I believe that creativity elevates reality and is a formidable bridge between cultures and people, and a peaceful weapon to fight prejudice.

Aljoud Lootah

Aljoud Lootah is an Emirati designer who has gained international acclaim since the establishment of her studio in 2014. Since its foundation, the studio has preserved its distinctive approach by focusing on the idea of contrasts in form and function while reinterpreting Emirati culture and artisanal techniques through contemporary design.

Her creative drive comes from a passion for detail and an experimental approach to materiality and aesthetics. This emphasis has resulted in a body of work that is both functional and timeless. Two products from her Oru series were acquired by the National Gallery of Victoria in Melbourne, Australia, making her the first Emirati designer to have her work acquired by an international gallery. A woven camel leather Mandoos (chest) by Lootah was presented to His Holiness Pope Francis during his visit to the UAE in 2019, containing the title-deed to the first church in the UAE, and was designed as a homage to the rich history of the Emirates. Lootah’s designs also grace spaces such as Dubai’s Mandarin Oriental Hotel, the Dubai International Airport, Abu Dhabi’s Etihad Airways and the UAE’s Ministry of Presidential Affairs. Since 2014, Lootah continuously produces bespoke furniture, objects and collectable designs for government organisations and private entities and has been involved in numerous retail and residential interior projects. She also serves as a Member of the Board for the Dubai Women Establishment, an organisation formed in 2006 to support women in the United Arab Emirates.

Ammar Basheir

Sudanese-born, Bahraini interior designer  Ammar Basheir has carved out a niche for himself as the go-to designer for atmospheric spaces in the Gulf, working across high-end interiors, temporary spaces and installations, all while empowering the role of regional artisans. Having studied interior design in London, Basheir became exposed to the city’s fashion industry through his work with Harvey Nichols and was later mentored by the owner of La Fontaine Center for Contemporary Art where he was brought on as a design consultant. His experience at La Fountaine changed the way he perceived beauty while also encouraging him to set up his eponymous practice in Manama, Bahrain. Since then, Basheir has designed over 120 private houses, retail spaces and restaurants as well as creating public installations across the globe. He also became famed for his portfolio of interior design work for a number of Royal families across the Middle East. His notable projects include the interiors of On Motcomb – an haute couture fashion boutique in London, the Post Office Museum in Manama and most recently, the Nuzul Al Salam hotel in Muharraq, a restored traditional Bahraini house and the first hotel under the Pearling Path project, which is a UNESCO World Heritage Site. Basheir has also created designs for the weddings of high-profile personalities such as George and Amal Clooney. His upcoming projects include the restoration of Bahrain’s oldest hotel as well as a boutique hotel set in the middle of old Cairo.

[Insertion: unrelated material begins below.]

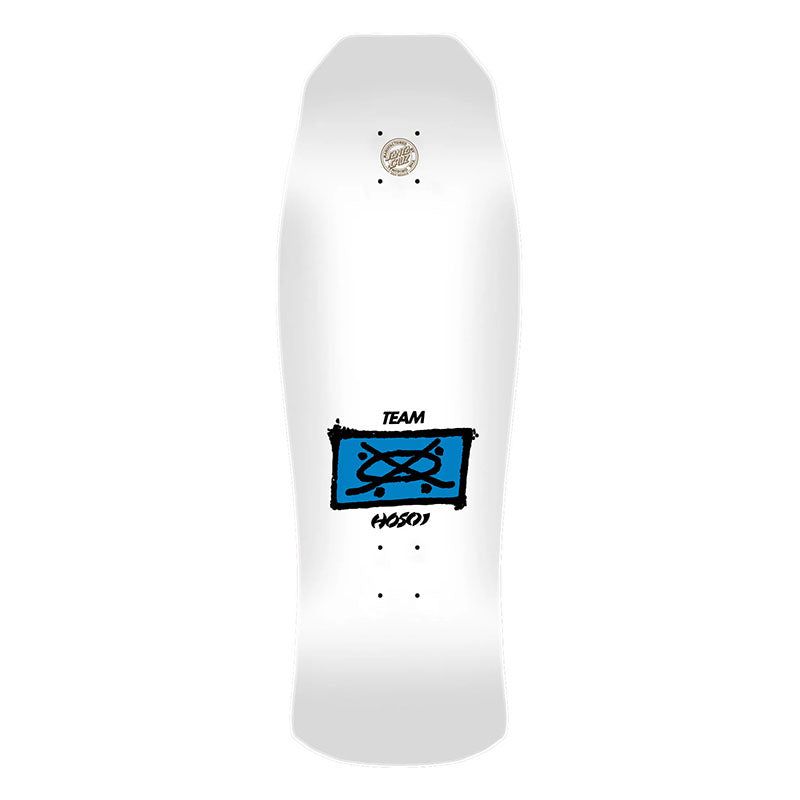 Santa Cruz 10.0" x 30.125" Christian Hosoi Collage Reissue Skateboard Decks (Oct / Nov 2026 Release) 5150 Skate Shop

Bringing artisans to the forefront and sharing their creations and their diverse skillsets is a way to shine a light on local craftsmanship.

Ammar Khamash

Architects and designers in the Middle East
Photo by Brian Scannell

Ammar Khammash is the principal architect and founder of Khammash Architects in Amman, Jordan. He received his Bachelor’s degree in Architecture from the University of Southwestern Louisiana in 1986, and carried out his post-graduate studies in Ethno-archaeology at the Institute of Archaeology and Anthropology at Al-Yarmouk University. Khammash’s work features a wide range of residential, cultural, renovation and restoration projects, as well as  projects focusing on sustainable tourism, including the Royal Academy for Nature Conservation in Ajloun, the Feynan Eco-Lodge in Wadi Feynan, and the Wild Jordan Nature Center in Amman. He is well established as an expert in Jordan’s cultural and natural heritage, and has launched a number of websites on Jordan’s flora, geology, and heritage. His expertise spans over different disciplines including history, geology, archaeology, ecology, botany, ethnography, and socio-economic. Khammash focuses on using locally-sourced natural materials to produce architecture that serves as an extension of its site. In 2019, the Jordanian architect was a laureate of the Global Award for Sustainable Architecture.

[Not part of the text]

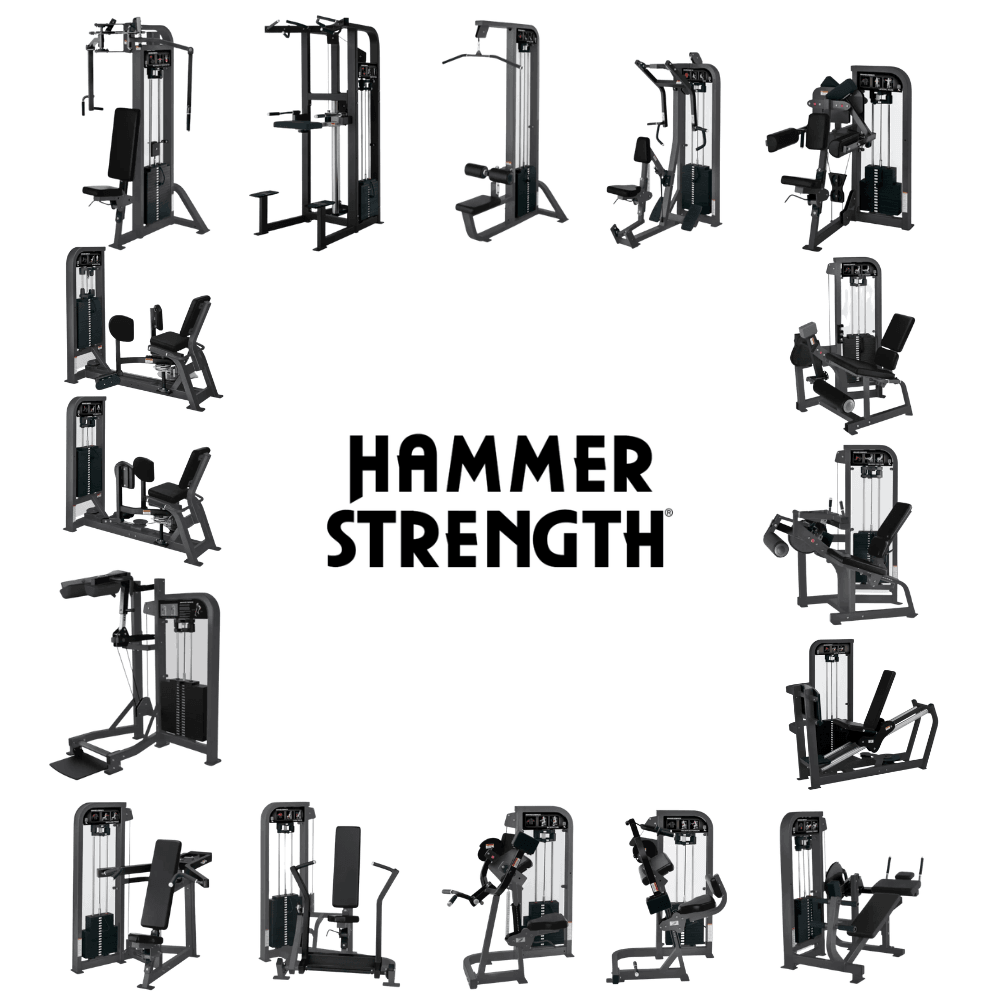 Hammer Strength Select Krachtset 16 Apparaten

The site is an architect. The place makes the decisions; I’m just a draftsman.

Anne Holtrop

Architects and designers in the Middle East
Photo by Fabian Frinzel

Dutch architect Anne Holtrop graduated in 2005 from the Academie van Bouwkunst in Amsterdam, The Netherlands with a degree in architecture and in 2009 started his own studio, Studio Anne Holtrop, with offices currently located in Muharraq, Bahrain and Amsterdam. Holtrop’s projects have come to be known for their deep-rooted material exploration which at times dictates the outcome of the architecture itself. His work spans temporary installations and permanent buildings, many of which adopt abstract references that stem from drawings and form. In 2015, his first two major buildings, Museum Fort Vechten and the National Pavilion of the Kingdom of Bahrain – a country he had never visited at the time and where he now lives- for Milan Expo 2015, were completed. Holtrop has since designed a number of projects across the Kingdom, many of which are currently under construction. He has completed the design for the Customs House in Manama, operating as its main post office, while the Qaysariya Suq and Green Corner Building in Muharraq are nearing completion. The studio is currently working on new stores worldwide for Maison Margiela with flagship stores in London, Paris, Osaka and NYC, and several UNESCO-listed heritage buildings in Bahrain including Murad Boutique Hotel and Siyadi Pearl Museum. For his practice, Holtrop has been awarded several grants from the Mondrian Fund, as well as receiving the Charlotte Kohler Prize for Architecture from the Prins Bernhard Cultuurfonds in 2007.

The way the material flows and forms against the boundaries of soil and textile and the site become aspects that express the change of the material state, and define the form of the architecture.